» **WORK TO COMPLETE**
Pictures excluded, please retype exactly the lines from the start of the data through the line that contains "Objeto 3D Dinossauro", both ends kept, and nothing beyond them.

Source data:
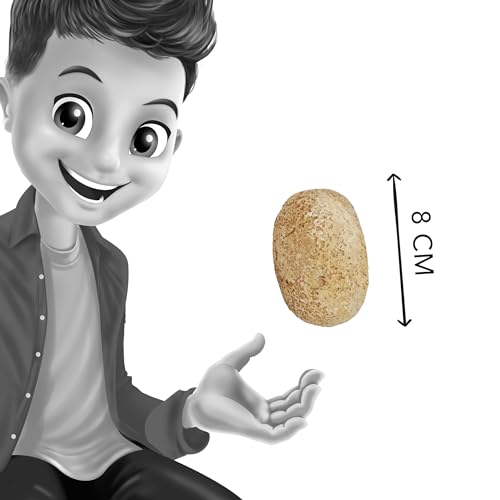 Buki Dinos Uf - vue 6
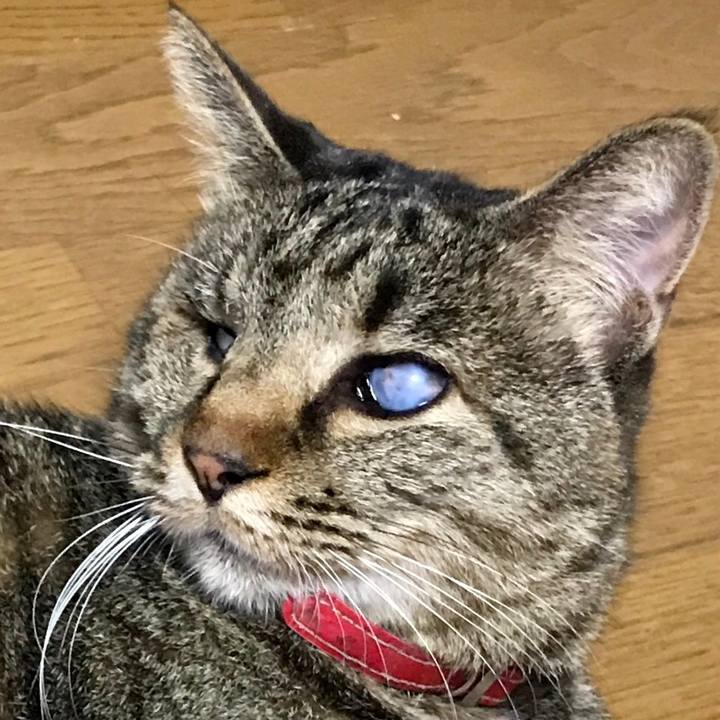 4adfcfd1 2c81 43f9 b9f0 90440adaa114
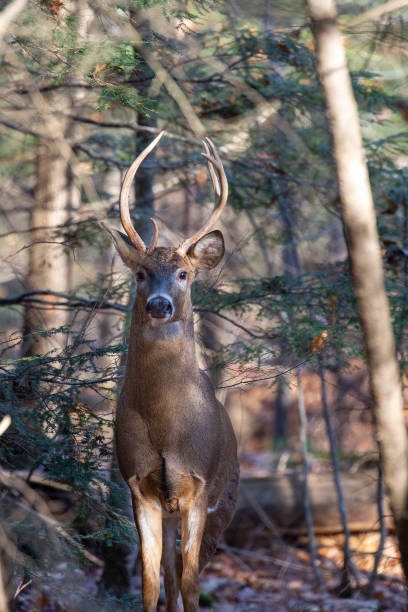 istock White-tailed deer buck (odocoileus virginianus) standing in a Wisconsin forest 1439888678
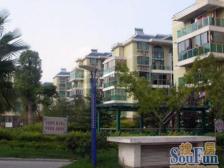 大宁北+顶楼复式+精装修+不靠路+全明户型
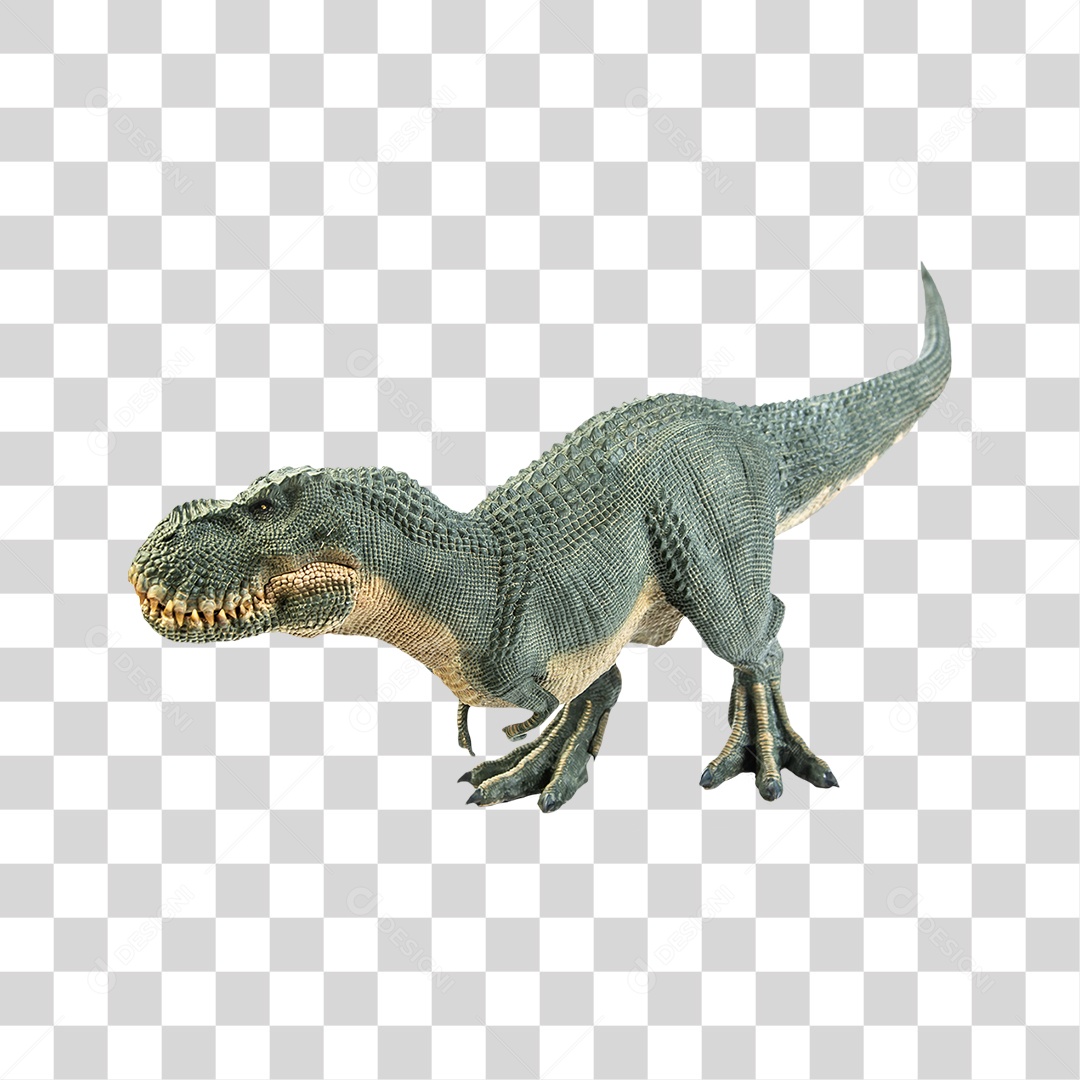 Objeto 3D Dinossauro Tirannosaurus Rex Para Composição PNG Transparente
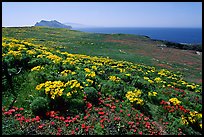Giant Coreopsis, wildflowers, and Anacapa islands. Channel Islands National Park, California, USA.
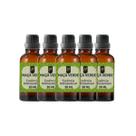Super Kit 5 Essências A Base Água Hidrossolúvel 30ml Difusor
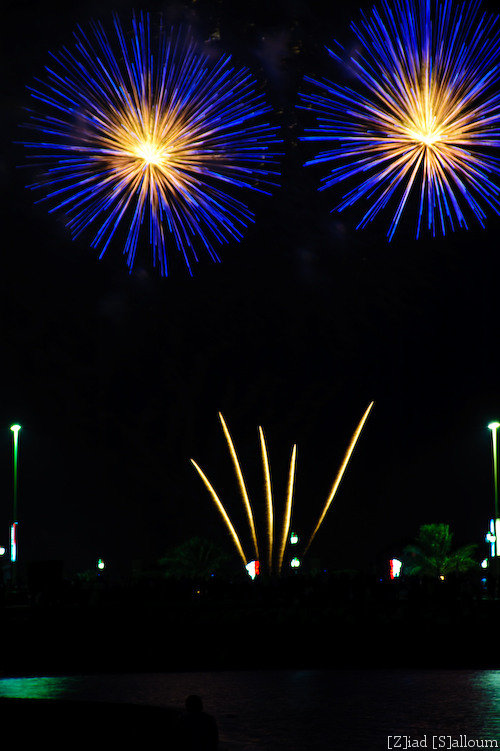 Fireworks 3 (D700, Tamron 24-135mm f/3.5-5.6 @ 112mm, f8, ISO 200, 1.3sec)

» **ANSWER SECTION**
 Buki Dinos Uf - vue 6
 4adfcfd1 2c81 43f9 b9f0 90440adaa114
 istock White-tailed deer buck (odocoileus virginianus) standing in a Wisconsin forest 1439888678
 大宁北+顶楼复式+精装修+不靠路+全明户型
 Objeto 3D Dinossauro Tirannosaurus Rex Para Composição PNG Transparente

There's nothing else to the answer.